Goldman Sachs, John Paulson and Magnetar may not have been so exceptional. Those entities created toxic financings, known as synthetic CDOs, which were designed to fail. Step 1 was to select hyper-leveraged slices of dodgy subprime bonds for the CDO; Step 2 was to purchase the tiny sliver of CDO equity in order to signal a vote of confidence to investors who might buy more senior slices of CDO debt; Step 3 was to place a much larger bet that the senior debt would default. The equity was a small loss leader used to get the deal done. The big payoff came from The Big Short on the senior slices, which was kept secret from other investors and from the public. The FCIC indicates that plenty of other hedge funds also made money on the exact same scheme:
"Investors, usually hedge funds, often used credit default swaps to take offsetting positions in different tranches of the same CDO security; that way they could make some money as long as the CDOs performed, but they stood to make more money if the entire market crashed. An FCIC survey of more than 170 hedge funds encompassing over $1.1 trillion in assets as of early 2010 found this to be a common strategy among medium-size hedge funds: of all the CDOs issued in the second half of 2006, more than half of the equity tranches were purchased by hedge funds that also shorted other tranches. The same approach was being used in the mortgage-backed securities market as well. The FCIC's survey found that by June 2007, the largest hedge funds held $25 billion in equity and other lower-rated tranches of mortgage-backed securities. These were more than offset by $45 billion in short positions."
More specifically, those equity investors were not betting on the crash of an entire market; they were betting against a specific portfolio of mortgage securities, which they might have selected. Here's how Merrill Lynch characterized the process:
"It was also common throughout the industry for the equity investor in a CDO, which had the riskiest investment, to have input during the collateral selection process. As mentioned above, however, the collateral manager made the ultimate decisions regarding portfolio composition. Like investors in any asset class, investors in a CDO's riskier, more-junior tranches, including the equity, would commonly attempt to hedge those positions either by shorting higher-rated securities in the capital structure or by purchasing credit protection on specific portfolio assets. This "long/short" strategy was well known by traders across the industr y."
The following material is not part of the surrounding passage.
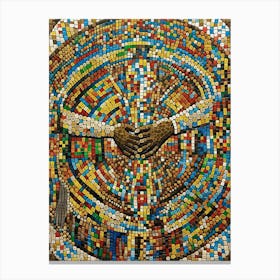 Mosaic Mosaic Art, Mosaic Art, Mosaic Art, Mosaic Art Canvas Print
It's impossible to respond to that kind of sophistry without belaboring the obvious. Almost every trader pursues a "long/short" strategy. His net position reveals his true intentions and motivations. But as the FCIC revealed, equity investors were not interested in netting out their risk exposures at anything close to zero. They took net short positions on financings that had no legitimate business purpose. These synthetic CDOs neither financed nor repackaged financings of home mortgages. Though they were comprised of credit default swaps insuring mortgage bonds, they did not necessarily provide for a reallocation of credit risk. (These CDOs usually provided for financial settlement, meaning that the credit protection buyer never needed to own the asset being insured.) And, because almost everything about CDOs is kept secret, these deals added no liquidity or price discovery to the marketplace. If your overriding motivation is to make money on a short position, then you want the deal to fail.
As of this writing, the FCIC has not yet published its Hedge Fund Survey, which pulls back the curtain on the conflicted motivations of CDO investors. The FCIC noted that its survey did not include hedge funds that had either liquidated or closed. Those funds might have taken net long positions in mortgage securities.